Cuando damos un vistazo a la realidad nacional, lo primero que destaca es la enorme profusión de temas pendientes y cuestiones que son materia de agitación pública. La sensación que muchos tenemos – y que los extranjeros transeúntes lo hacen notar – es que el clima general es de irritación, lo que deriva en actitudes agresivas sin mayor pausa ni prudencia.
Para muestra, un botón: Iba en el túnel de Lo Prado a 90 kilómetros por hora y un sujeto conduciendo un auto de esos que hay pocos en las calles, muy moderno, prendía luces detrás de mí para que acelerara, ya que no lo podía dejar pasar por los vehículos que iban en la otra pista. Le hice una señal mostrándole cuál es la velocidad máxima permitida en ese lugar. Esto le pareció pésimo y se aproximó peligrosamente, por lo cual señalicé que iba a disminuir la velocidad para poder cambiarme de pista, instante en el cual él se cambió, aceleró, se me cruzó y frenó para luego alejarse a toda velocidad, casi provocando un accidente.

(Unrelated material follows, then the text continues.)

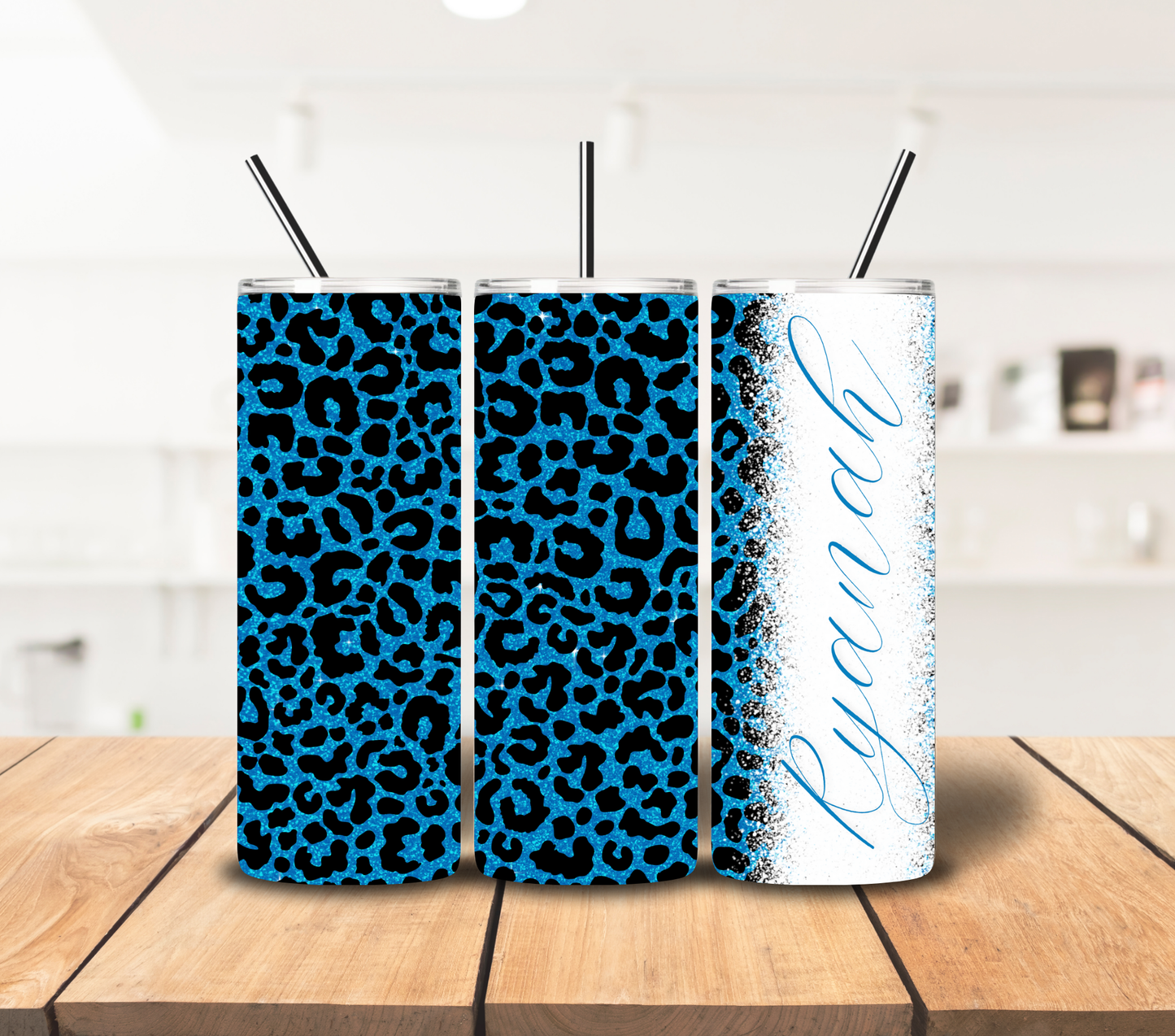 Personalized Leopard Print Tumbler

Y si miramos redes sociales, declaraciones de dirigentes políticos, escuchamos conversaciones en el Metro o el café, percibimos ácidas críticas diferentes realidades, plagadas de descalificaciones personales y generalizaciones odiosas. Todos los curas, todos los políticos, todos los derechistas, todos los de tal o cual posición. Y las causas que pueden ser más justas se plantean en una tonalidad de odio y desprecio que excede todos los marcos.

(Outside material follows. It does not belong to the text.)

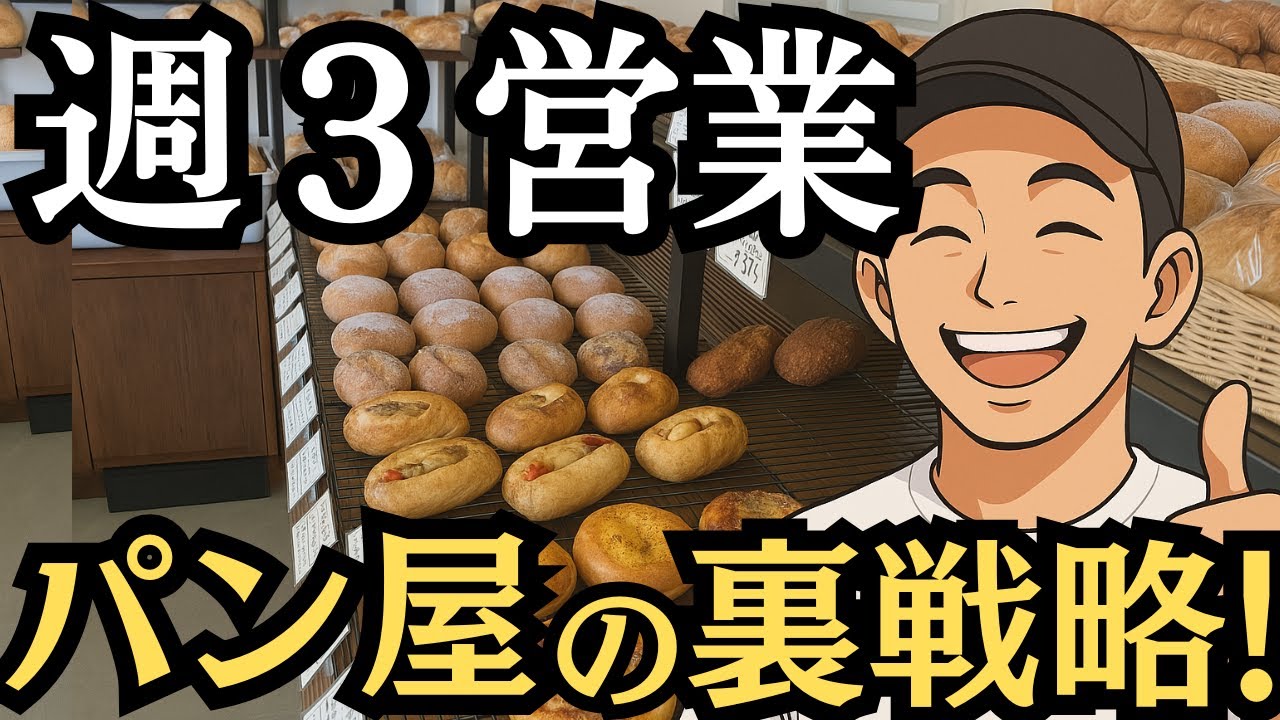 え？週3営業で大丈夫？パン屋歴20年の結論がコレ！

Razones para reclamar hay, sin duda, pero las formas tienen importancia. No se puede admitir tranquilamente que luchar por los derechos de las personas se haga ejerciendo formas de violencia contra otras personas, ya se trate de minorías o de mayorías, de temas estudiantiles o de la vivienda. La fuerza, tan ponderada en nuestro escudo nacional, se está usando mucho más de lo que parece adecuado al contenido de las causas que se dice promover o defender. El tema de los encapuchados, por ejemplo, nos abre numerosas interrogantes. ¿Son los mismos que, como profesionales de la violencia, se desplazan de una manifestación a otra? ¿O cada agrupación tiene estas brigadas de encapuchados que parece no acatar norma alguna? ¿O son infiltrados, como más de alguien lo ha sostenido con cierta base?
Es como que cada uno creyera que sus derechos son los únicos que importan y están dispuestos a reclamarlos o defenderlos arrasando con los demás. Y también arrasar con los derechos de los otros, sin vacilar ni cuestionarse nada.
Al mismo tiempo vemos que la codicia, la falta de compromiso ético y el desprecio por las instituciones por parte de sus propios integrantes producen un desborde que debilita la credibilidad de los sistemas y de los cuerpos dirigentes por todos lados. ¿Es necesario decir que me refiero a Carabineros y las instituciones armadas?
¿Es que acaso la experiencia dura que Chile vivió en las décadas de los 70 y los 80 está cobrando su precio? Porque se instaló en aquella época una política oficial de individualismo y destrucción de los instrumentos de vida comunitaria nacidos en los 60, que en forma clara y sostenida se fue expresando en todas las áreas de la vida. La pérdida del sentido de lo comunitario y de lo colectivo tiende a poner en posición de enemigo de “mis intereses” a todo el que puede proponer algo distinto o simplemente pensar distinto.
Nos paramos frente a la vida y aceptamos que hay cosas que podemos cambiar y hay cosas que continuarán, al menos por un tiempo. Lo que importa es distinguir unas de otras.